Local Businessmen Preserve History with Entrepreneurial Spirits
Photos by John Kane
For years, Roxbury and Bridgewater were among the state’s handful of dry towns. Bridgwater remained dry until 2014, and, until a few years ago, only six-packs of beer were sold in Roxbury’s market. But both towns are about to get much wetter, largely due to the impetus of two residents who have renovated historic buildings to house new businesses that sell alcohol. It’s a move that many residents hope will keep the area vibrant while preserving the Currier & Ives image.
Several years ago, Elliot Davis installed a hard-cider orchard on his 16-acre farm in Washington, where he and his wife, Karen, an interior designer, and his two children, raise sheep and heritage chickens and harvest maple syrup, honey, and heirloom apples. Davis initially wanted to bottle his own hard cider. But, as it turns out, hard cider is not quite as popular as hard liquor.
Now the venture capitalist-turned-distiller has renovated the historic Roxbury Railroad Station into the Mine Hill Distillery, preserving a piece of local history in the process. The four-acre property, once the town’s industrial hub in the 19th century, abuts the 450-acre Mine Hill land preserve, a National Historic Landmark that features remains of the iron-ore mine, donkey paths, a blasting furnace, and a quarry. After Davis purchased the property in 2015 for $210,000, he sold off a parcel to the Roxbury Land Trust, which renovated a former general store into its new headquarters.
Meanwhile, in the neighboring town of Bridgewater, financier Peter May’s new restaurant, Bridgewater Bistro, is set to open in October
inside the historic Bridgewater Village Store. The Victorian structure dates back to 1899 and was once Thompson’s Mail Order House, the first mail-order company in the country. The bistro will offer patrons an opportunity to imbibe May’s own Maywood Estate wines, as well as other beer and wine selections.
May bought the Bridgewater Village Store building—which also houses the post office—more than 25 years ago. Built from quarter-oak and featuring a 50-foot tower, the building is the town’s centerpiece and the original manufacturing site of Bridgewater Chocolate. But in recent years, May struggled to find a tenant for the store’s adjacent space, previously occupied by a bank. And, in 2013, he sent a letter to residents in town asking them for suggestions about how to reduce the store’s financial losses, which, he noted, amounted to almost $1.5 million at that time. Talk of a restaurant was bandied about, but without a license to serve alcohol, it went nowhere.
Then, in 2014, when the town passed a liquor ordinance, the restaurant became more feasible. “The response from the town has been overwhelmingly positive,” says Greg Bollard, who manages May’s properties in town, including the 1,000-acre Maywood Estate.
In Roxbury, Davis purchased Railroad Station, comprised of four structures totaling 15,000 square feet.

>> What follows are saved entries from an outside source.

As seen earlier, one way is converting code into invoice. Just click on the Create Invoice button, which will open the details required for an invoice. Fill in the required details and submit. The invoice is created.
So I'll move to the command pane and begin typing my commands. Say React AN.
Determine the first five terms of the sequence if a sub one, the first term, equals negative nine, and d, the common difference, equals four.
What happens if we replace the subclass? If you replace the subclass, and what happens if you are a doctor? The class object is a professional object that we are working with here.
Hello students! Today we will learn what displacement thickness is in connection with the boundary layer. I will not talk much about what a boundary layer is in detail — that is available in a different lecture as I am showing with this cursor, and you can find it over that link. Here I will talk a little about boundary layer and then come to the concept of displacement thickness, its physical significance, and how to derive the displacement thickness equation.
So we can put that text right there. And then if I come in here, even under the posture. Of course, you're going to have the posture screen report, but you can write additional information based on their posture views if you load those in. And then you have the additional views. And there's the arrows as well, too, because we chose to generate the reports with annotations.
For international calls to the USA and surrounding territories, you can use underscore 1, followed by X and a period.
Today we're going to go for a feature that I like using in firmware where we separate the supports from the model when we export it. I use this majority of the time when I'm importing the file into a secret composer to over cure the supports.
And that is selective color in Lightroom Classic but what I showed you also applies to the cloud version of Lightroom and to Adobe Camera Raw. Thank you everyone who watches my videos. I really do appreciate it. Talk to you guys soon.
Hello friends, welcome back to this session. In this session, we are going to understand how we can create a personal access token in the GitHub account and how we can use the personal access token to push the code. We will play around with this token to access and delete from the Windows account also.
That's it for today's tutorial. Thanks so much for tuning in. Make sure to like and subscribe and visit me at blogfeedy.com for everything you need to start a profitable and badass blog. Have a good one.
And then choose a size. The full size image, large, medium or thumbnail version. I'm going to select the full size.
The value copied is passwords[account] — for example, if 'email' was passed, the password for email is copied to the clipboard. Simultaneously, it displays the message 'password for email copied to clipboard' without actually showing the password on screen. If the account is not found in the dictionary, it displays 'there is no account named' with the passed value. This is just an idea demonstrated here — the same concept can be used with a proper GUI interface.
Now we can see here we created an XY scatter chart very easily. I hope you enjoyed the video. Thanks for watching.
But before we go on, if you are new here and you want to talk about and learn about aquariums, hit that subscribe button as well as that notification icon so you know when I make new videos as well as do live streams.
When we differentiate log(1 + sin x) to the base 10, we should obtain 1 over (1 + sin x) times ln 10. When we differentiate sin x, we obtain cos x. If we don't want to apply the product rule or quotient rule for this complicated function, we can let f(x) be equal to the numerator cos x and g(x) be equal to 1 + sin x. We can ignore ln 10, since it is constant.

But all of the buildings—a former 1850 cigar factory, coal shed, workshop, and the 1872 train station—were in deplorable condition. The restoration of the buildingss is striking, and residents have taken note.
Before the project, the cluster of ramshackle structures had been up for sale for nearly 12 years, with an original price tag of $3.2 million. Zoning restrictions, the lack of a well, and an inadequate septic system limited the property’s commercial use. For a while, it seemed a piece of the town’s history might be lost. But a drop in asking price and a change in zoning late last year allowed Davis to move forward with his distillery dream.
Once Mine Hill Distillery opens late this fall, it will mark the first time alcohol will since before Prohibition, when a saloon operated in town. The distillery will have a tasting room, offices, distilling area, and barrel storage for aging whiskey, bourbon, and rye. The railroad station, restored to its original appearance, will be used as community space for pop-up galleries and events.
The distillery’s larger mission is to help the community, says Davis, who is contracting local farmers to grow wheat, barley, and rye. “Our logo is ‘Still made in Connecticut,’” he says.
Restoring the railroad station also has been a godsend for preserving the town’s heritage, says Susan Payne, director of the Roxbury Land Trust. “The town is thrilled to see it coming back.”